Doug Blair

Personal information
- Full name: Douglas Blair
- Date of birth: 26 June 1921
- Place of birth: Ecclesfield, Sheffield, England
- Date of death: July 1998 (aged 77)
- Place of death: Wiltshire, England
- Position: Inside forward

Senior career*
- Years: Team / Apps / (Gls)
- 1939–1940: Blackpool / 0 / (0)
- 1947–1954: Cardiff City / 204 / (30)
- 1954–1957: Hereford United / ? / (?)

= Doug Blair (footballer) =

English footballer

Douglas Blair (26 June 1921 – July 1998) was an English professional footballer. He began his career at Blackpool but never featured in a Football League match for the club following the outbreak of the Second World War.
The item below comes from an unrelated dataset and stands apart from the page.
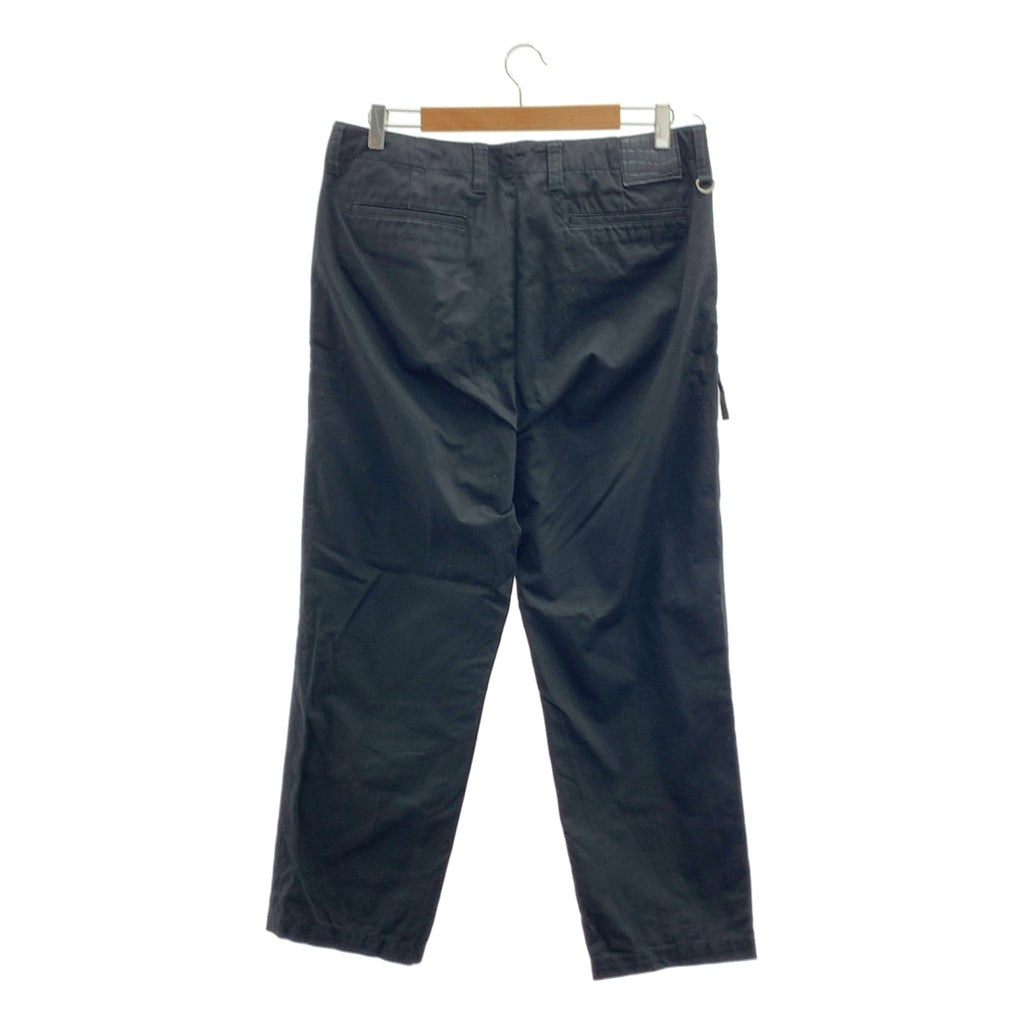 uniform experiment / ユニフォームエクスペリメント | 2023AW | SIDE POCKET TAPERED PANTS / サイド ポケット テーパード パンツ | 3 | メンズ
On his return to football in 1947, he joined Cardiff City and went on to make over 200 appearances for the club.

==Personal life==
Born in Ecclesfield, Sheffield, Blair was the son of Scottish international Jimmy Blair Sr. and brother of Jimmy Blair Jr.

==Career==
Blair started out at Blackpool, signing for the club in May 1939. However the outbreak of the Second World War soon after meant he never featured for the club in the Football League. He played in wartime fixtures for the club during the 1939–40 season but was conscripted and left the club. While undergoing his army training, Blair featured in eight wartime fixtures for Aldershot, scoring four times. He later played in one fixture for Leeds United on 25 August 1945 against Chesterfield.

Following the return of league football, Blair joined Cardiff City, where his father Jimmy had played during the 1920s, in August 1947. He became a vital part of the Bluebirds side in the following years and helped them to win promotion to the First Division during the 1951–52 season. Blair scored thirty goals during his career at Cardiff, all scored in league competition. He left Ninian Park in 1954 to sign for Hereford United where he finished his career. He made 113 appearances for Hereford and scored 31 goals for the Edgar Street club.